Been back at school for a week or so. There are a lot of new pupils, so I have to go in for an extra day a week. While this does mean some extra money, it also means extra driving. This is not my happy place. I live about half an hour’s drive from the school, and I hate drivers trying to menace me into moving over behind the yellow line.
For those whose countries may have different road arrangements, a brief explanation follows. Some of our roads have an ‘emergency lane’ behind a yellow line. It is narrower than a full lane, and can be a little hair-raising to drive on. Most people (myself included) will move over into this lane if someone wants to pass – the problems arise when someone thinks you should move over, and you don’t agree. That’s where the menacing comes in. I won’t move over if I can’t see the road ahead, such as around a blind corner.
I drive an old skedonk (banger, rattle-trap, call it what you will). She’s a big, elderly three-litre Ford automatic that drinks petrol as if we have our own private oil well. Her acceleration is 0 to 60 in… give me a couple of hours and I’ll get back to you. So she’s not so good at the dodging through traffic bit. I know what she can and can’t do, but some twit in a 1.1 litre plastic box will ride on my back bumper trying to push me out of the way. And this when I’m doing the speed limit plus 10 km. Never a dull moment.
I enjoy meeting the new pupils. I always try to reserve judgement until I’ve got to know them a little. Some shy kids can take a while to start opening up, while others start out full of enthusiasm, but are bored by the second lesson.
Someone asked me once if I don’t get driven mad by hearing ‘Row, Row, Row Your Boat’ for the hundredth time.
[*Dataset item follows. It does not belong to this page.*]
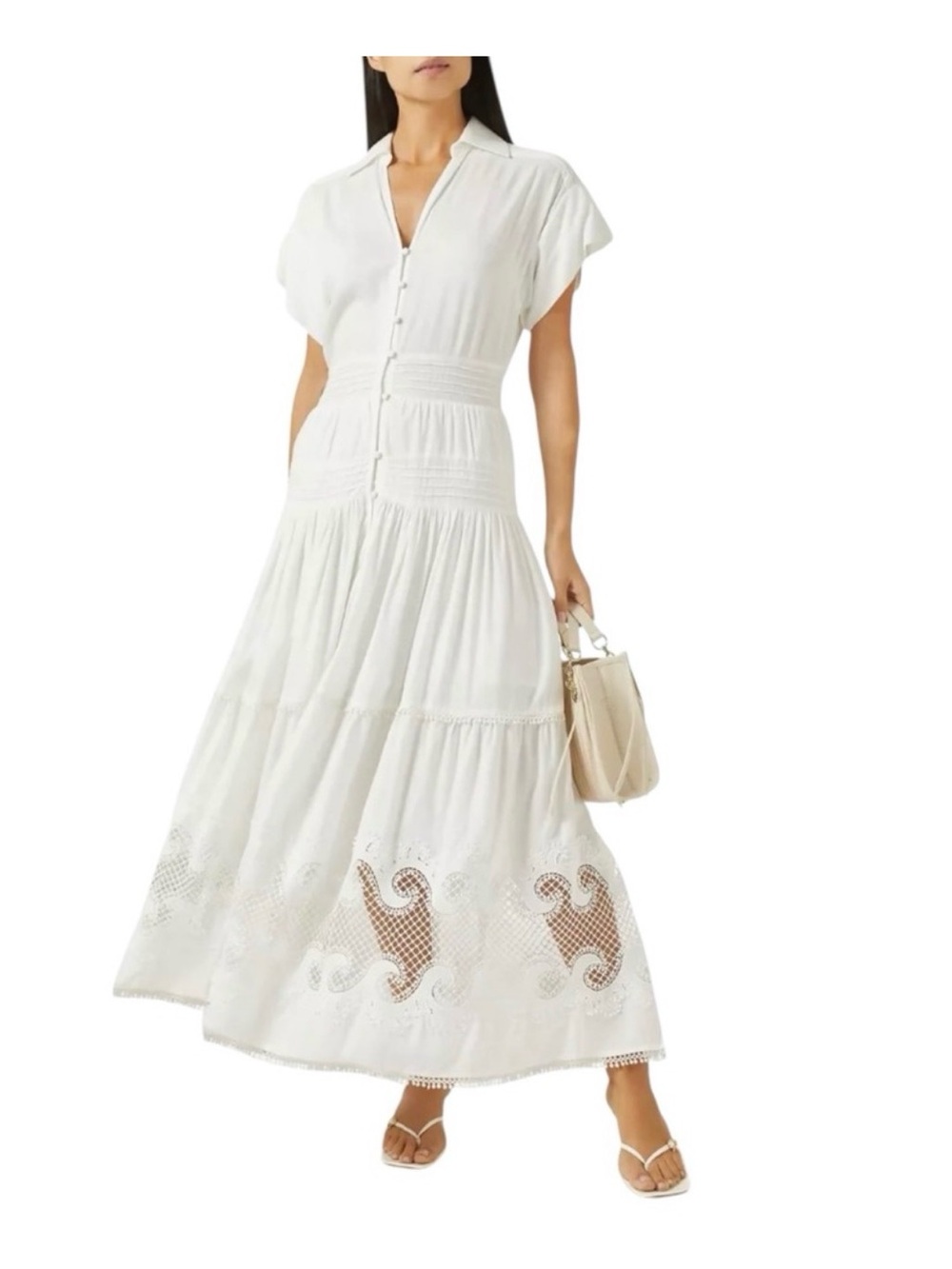 NWT Maje Embroidered & Crochet Ruffled Maxi Dress White Size 40 US 8 10 US M L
The funny thing is that I don’t. Not so much because of the intrinsic beauty of ‘Row, Row,’ but because every new student presents a different set of problems. They are probably doing five or six things wrong, and the trick is to pick one or two to concentrate on. Pick out every problem and they are quickly overwhelmed. But if you forget about some of the mistakes for too long, they become entrenched habits, and a royal pain to get rid of. So it’s a balancing act. But I love it, particularly when you can see (and hear) them improving.